Birdsell's theory gained wide circulation when Norman Tindale's storybook, The First Walkabout, (1954) coauthored by H. A. Lindsay, became a best-seller. There was no hard evidence for this, archaeological or anthropometric, and it was said to have fallen out of favour. Robert M. W. Dixon, who since the 1960s had been recording the languages of the north Queensland rainforest people, did not exclude the idea. Rumours concerning the Mbabaram as a physically small people who spoke a very different language from their neighbours, held out some chance that the hypothesis held a grain of truth. Dixon eventually determined that Birdsell's theory could not be shown to correlate with the linguistic parameters.

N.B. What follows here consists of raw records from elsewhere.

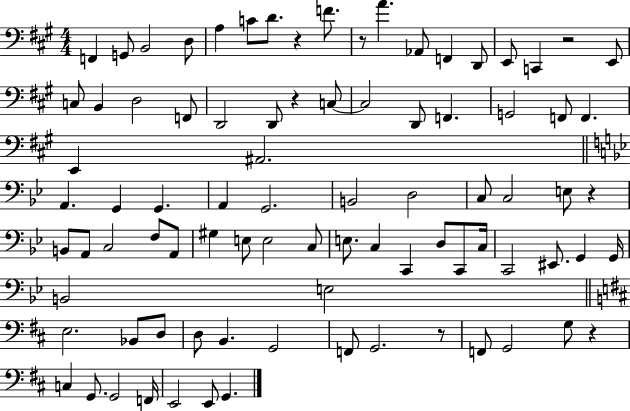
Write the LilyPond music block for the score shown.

{
  \clef bass
  \numericTimeSignature
  \time 4/4
  \key a \major
  f,4 g,8 b,2 d8 | a4 c'8 d'8. r4 f'8. | r8 a'4. aes,8 f,4 d,8 | e,8 c,4 r2 e,8 | \break c8 b,4 d2 f,8 | d,2 d,8 r4 c8~~ | c2 d,8 f,4. | g,2 f,8 f,4. | \break e,4 ais,2. | \bar "||" \break \key g \minor a,4. g,4 g,4. | a,4 g,2. | b,2 d2 | c8 c2 e8 r4 | \break b,8 a,8 c2 f8 a,8 | gis4 e8 e2 c8 | e8. c4 c,4 d8 c,8 c16 | c,2 eis,8. g,4 g,16 | \break b,2 e2 | \bar "||" \break \key d \major e2. bes,8 d8 | d8 b,4. g,2 | f,8 g,2. r8 | f,8 g,2 g8 r4 | \break c4 g,8. g,2 f,16 | e,2 e,8 g,4. | \bar "|."
} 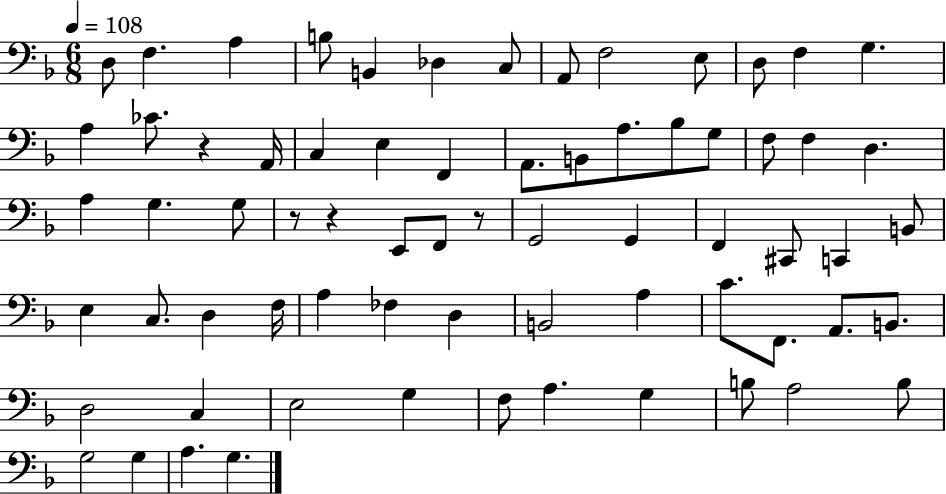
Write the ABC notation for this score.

X:1
T:Untitled
M:6/8
L:1/4
K:F
D,/2 F, A, B,/2 B,, _D, C,/2 A,,/2 F,2 E,/2 D,/2 F, G, A, _C/2 z A,,/4 C, E, F,, A,,/2 B,,/2 A,/2 _B,/2 G,/2 F,/2 F, D, A, G, G,/2 z/2 z E,,/2 F,,/2 z/2 G,,2 G,, F,, ^C,,/2 C,, B,,/2 E, C,/2 D, F,/4 A, _F, D, B,,2 A, C/2 F,,/2 A,,/2 B,,/2 D,2 C, E,2 G, F,/2 A, G, B,/2 A,2 B,/2 G,2 G, A, G,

In 2002, it was revived when Keith Windschuttle and Tom Gittin accused modern scholars in Australia of having suppressed the evidence, partially to cater to the feelings of Aboriginal activists disturbed (according to them) by the idea that, given successive waves of "invasion", their claims to native title might suffer from a hierarchy of claims, according to which tribes descended from which hypothetical ancestor of the three.

==Notable people==
- Two elders, Albert Bennett and Alick Chalk, were able to provide researchers with the basic lineaments of their mothers' Mbabaram language in the early and late 1970s, supplying Robert Dixon, Robert Layton, and Jeff Archer with 300 words and the basics of grammar. Dixon's work with Bennett enabled him to puzzle out its structure and relation to other Dyirbal languages.